Applying this precedent, Judge Varholak evaluated whether Plaintiffs have standing to challenge (1) excessive RK&A fees; (2) imprudent retention of the Active Suite; and (3) imprudent retention of the Royce Fund. Judge Varholak determined that Plaintiffs established constitutional standing to challenge RK&A fees and imprudent retention of the Active Suite because Plaintiffs (1) were subject to the recordkeeping fees and (2) had each invested in at least one of the funds in the Active Suite. (Doc. # 72 at 15-17.) Judge Varholak noted that whether Plaintiffs could adequately represent the interests of other parties with different injuries arising from the same course of action-e.g., injuries arising from funds within the Active Suite that Plaintiffs did not invest in-was a question of class certification, not constitutional standing. (Id.) Plaintiffs do not object to this portion of the Recommendation (Doc. # 73 at 2 n.3), and the Court sees no error in Judge Varholak's well-reasoned analysis.
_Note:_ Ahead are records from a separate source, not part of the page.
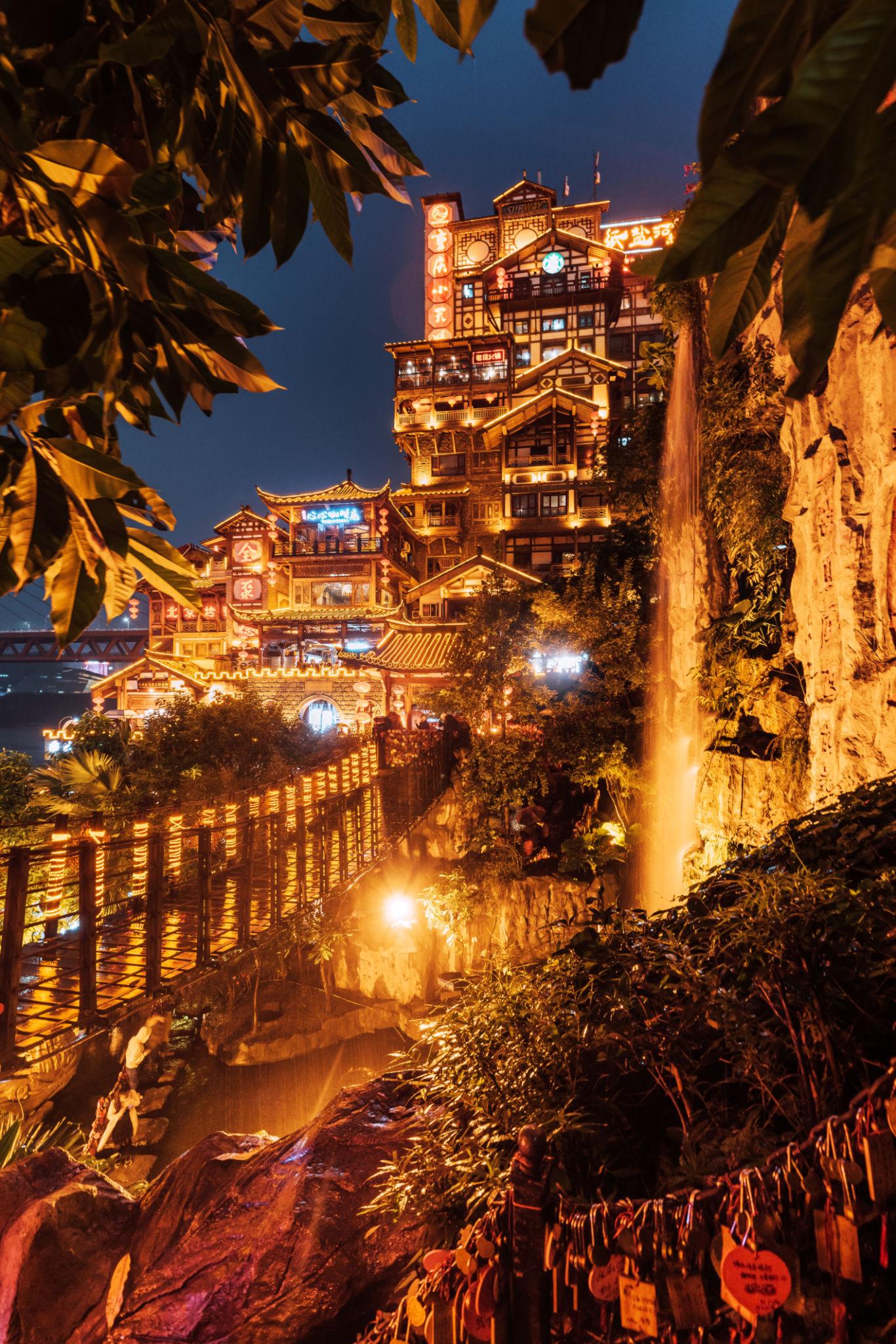 Du lịch và lữ hành quốc tế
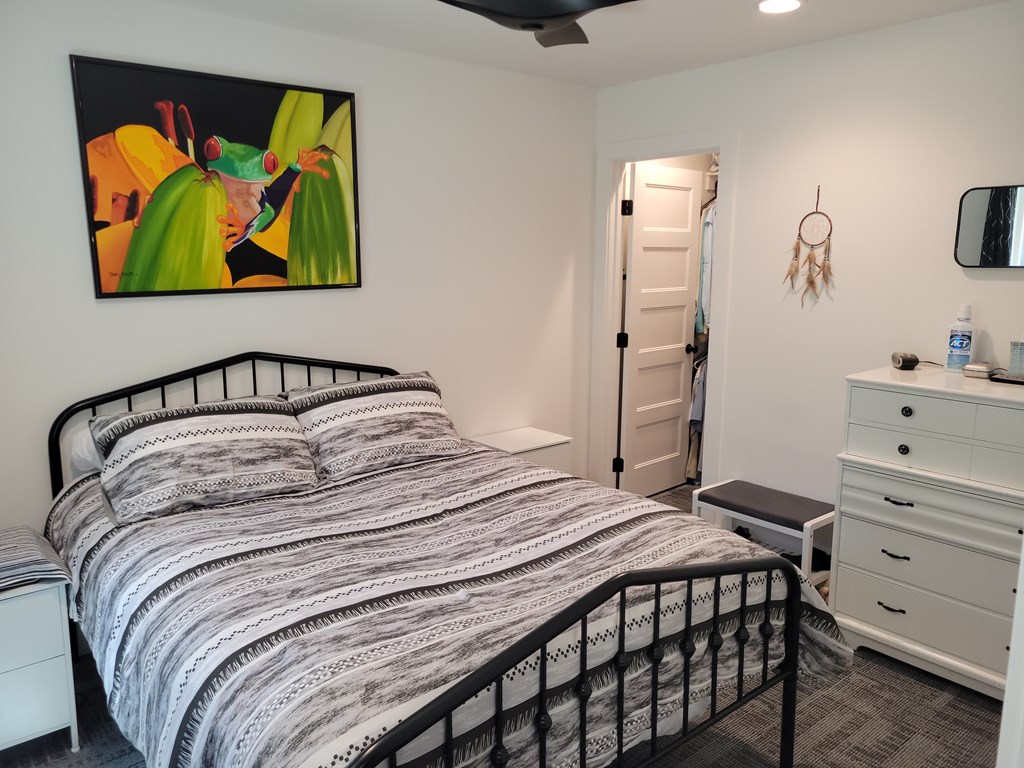 579 Noland Road Cascade, ID 83611 - Photo 17 of 31 GUEST BEDROOM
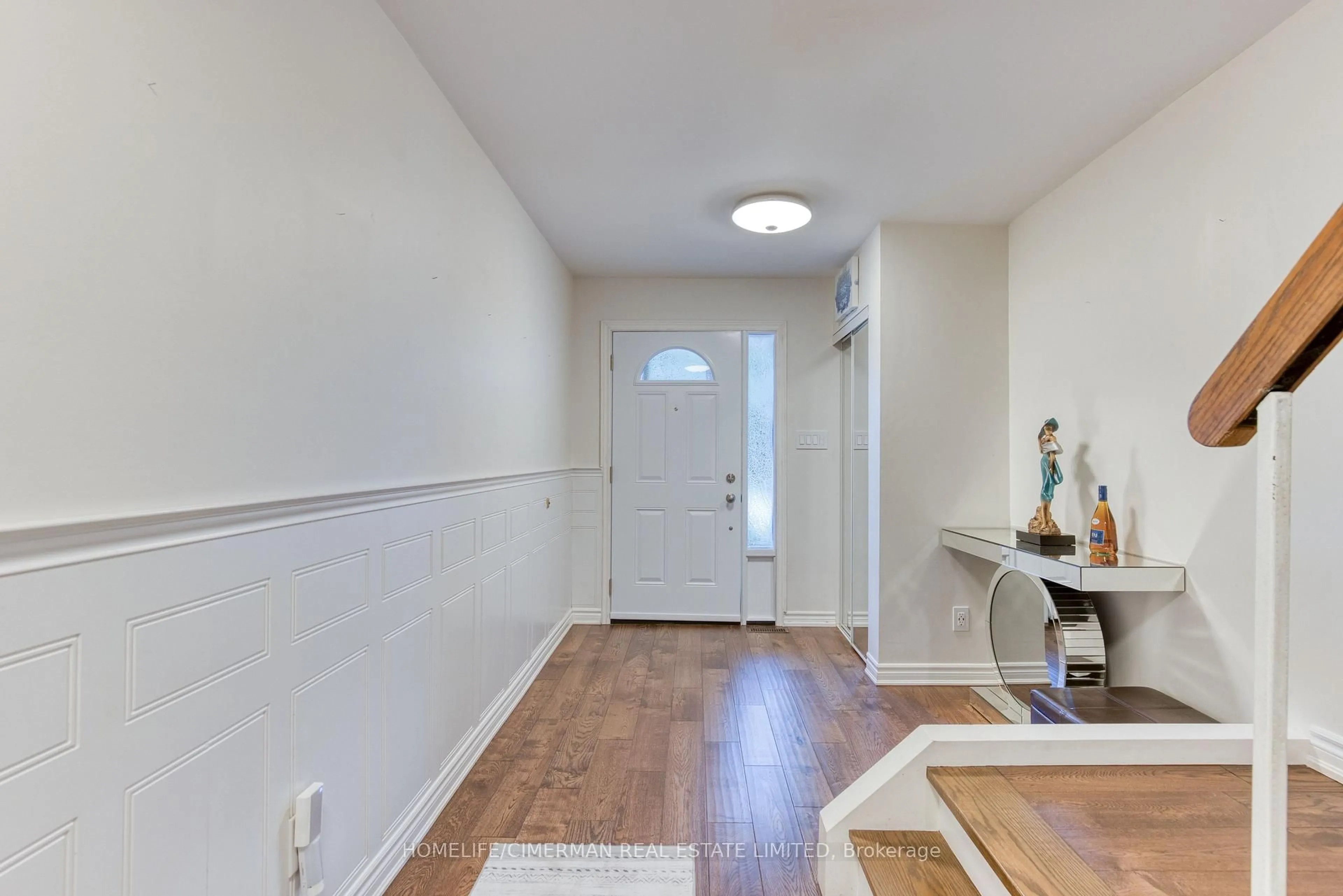 Indoor entryway for 60 Hanson Rd #68, Mississauga Ontario L5B 2P6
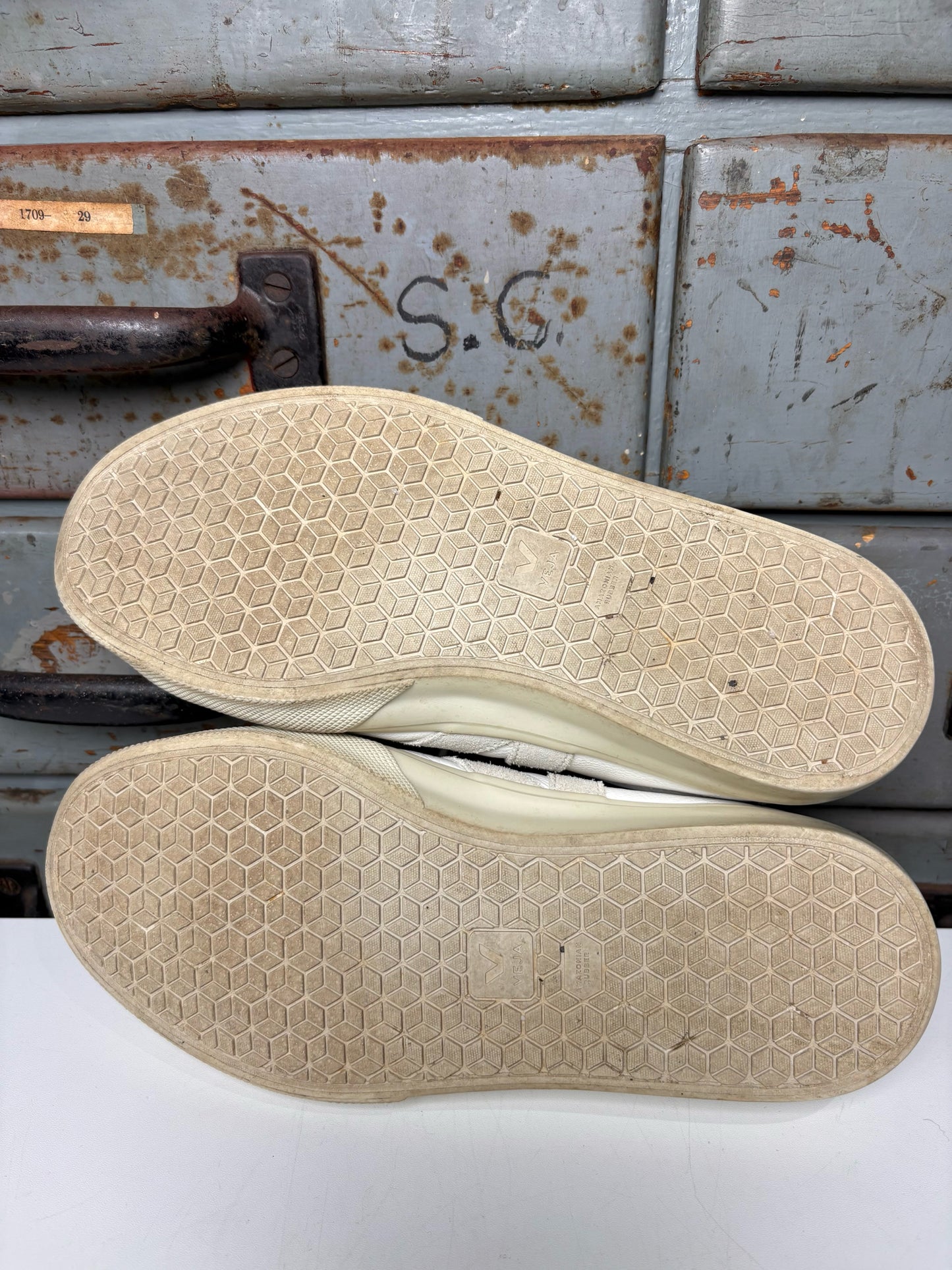 W Shoe Size 8 Veja White Sneakers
If a plaintiff has adequately alleged a concrete injury in fact, then it is an issue of class certification whether the plaintiff may properly represent class members whose injuries may be based on funds different than those in which plaintiff invested or suffered injuries. See Kurtz, 511 F.Supp.3d at 1193; Krueger v. Ameriprise Fin., Inc., 304 F.R.D. 559, 567 (D. Minn. 2014).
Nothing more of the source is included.